Wade closed his eyes. Even at sixteen Eliza had possessed a strong sense of justice. She could say what she wanted about being blinded by love and that she had been firmly rooted in denial, but if she hadn’t wanted to know the truth, she would have never sought out proof of her suspicions.
“He owned several properties. As I said, he was a wealthy man. A real estate developer and he was well liked by the locals. He’d donated a shelter to the town and quite a bit of money for its operation and upkeep. He told me he’d done so because of me. Because he never wanted a child to know the kind of upbringing I’d been forced to endure. He went to such lengths to perpetuate an elaborate hoax that it’s truly mind-boggling.
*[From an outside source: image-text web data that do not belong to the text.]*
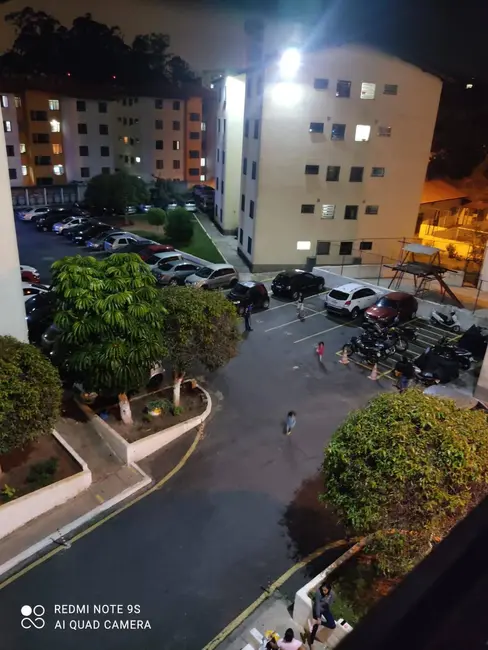 Foto 1 de Apartamento com 2 quartos à venda em Serraria, Diadema - SP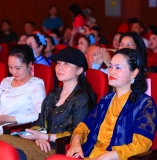 以乐为桥聚三地 • 以文融圈促协同 2026 成渝双城暨成资同城化庆“五一”惠民音乐会 圆满举行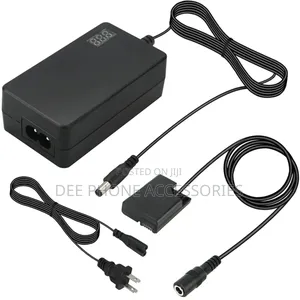 Nikon en El 14a Dummy Battery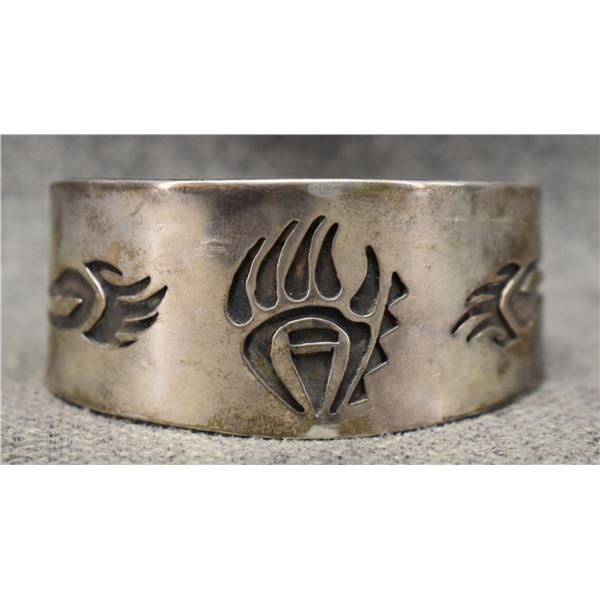NAVAJO BRACELET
“I followed him to an older house he was in the process of having renovated. There was a fully intact concrete reinforced basement with soundproof walls. Oh God,” she choked out, stopping in midsentence to bury her face in his chest once more.
Wade stroked her hair, pressing kisses to the crown of her head as he murmured soothing words of encouragement.
“While he had a construction crew working on the rest of the house, he held women in the basement and tormented them, delighting in the fact that help was only a short distance away and yet no one could hear them scream. When I saw . . .”
“What did you see, baby?” he prompted gently.
“Hell,” she said bleakly. “I saw hell.”
“What happened?”
“I snuck down the stairs leading into the basement and the first thing I remember is the smell. Blood. So much of it. And rot. Decomposing human flesh. It made me sick, but I knew I had to be strong and I couldn’t give away my presence.”